Data Structures
Sqrt Decomposition
Split the array into √N blocks — queries cost √N, updates cost one
Sqrt decomposition splits an array into √N blocks and stores aggregate-per-block. Updates are O(1), range queries are O(√N), and the code fits in 30 lines. It is the simplest non-trivial range-query structure.
- Point updateO(1)
- Range queryO(√N)
- Range updateO(√N) (lazy add)
- BuildO(N)
- MemoryN + √N integers
- N = 10⁵316 blocks of 316
Interactive visualization
Press play, or step through manually. The visualization is yours to drive — try it before reading on.
Watch the 60-second explainer
A condensed visual walkthrough — narrated, captioned, under a minute.
How sqrt decomposition works
You have an array of N numbers, point updates, and range-sum queries. Two naive solutions sit at opposite ends:
- Plain array: update O(1), range query O(N).

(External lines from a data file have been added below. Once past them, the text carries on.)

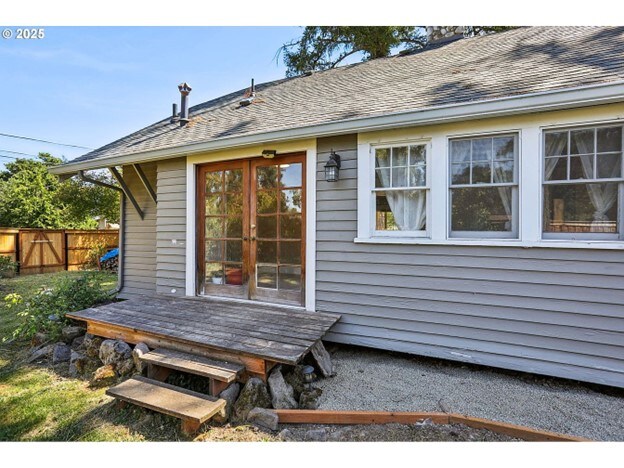 Building Photo - 5325 SW Watson Ave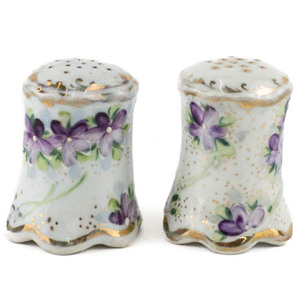 lot 214 image: Purple flowers Salt and Pepper Shakers ChinaPorcelain.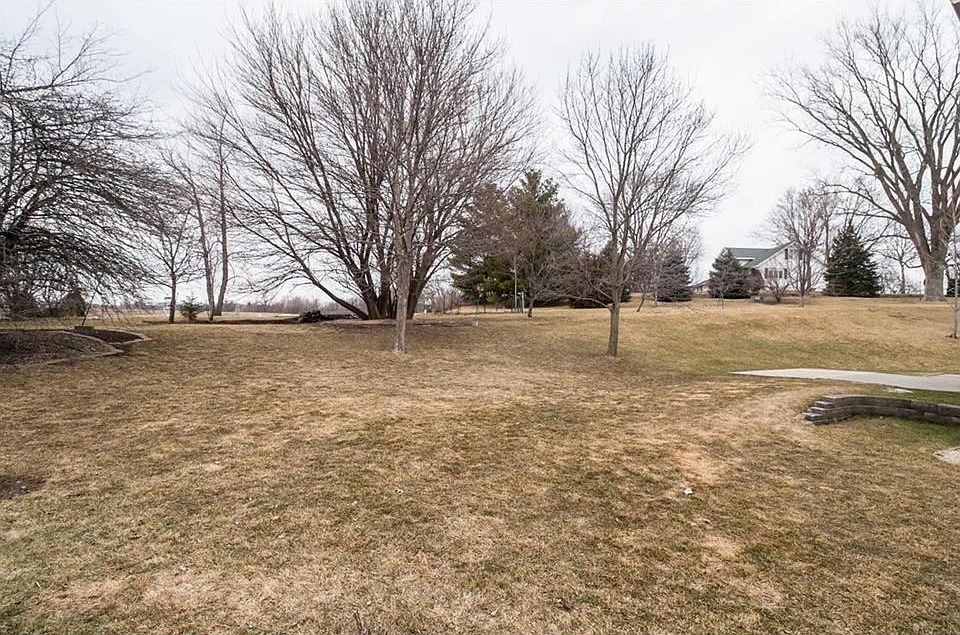 2nd image of 7719 Hampshire Ct NE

- Maintained prefix-sum array: range query O(1), update O(N).
Sqrt decomposition meets in the middle. Pick a block size B ≈ √N. Slice the array into ⌈N/B⌉ contiguous blocks. For every block, store the precomputed aggregate (sum, in this case). The array itself stays intact.
Point update: change one cell, fix that cell's block aggregate. Two memory writes — O(1).
Range query over [l, r]: walk through three pieces.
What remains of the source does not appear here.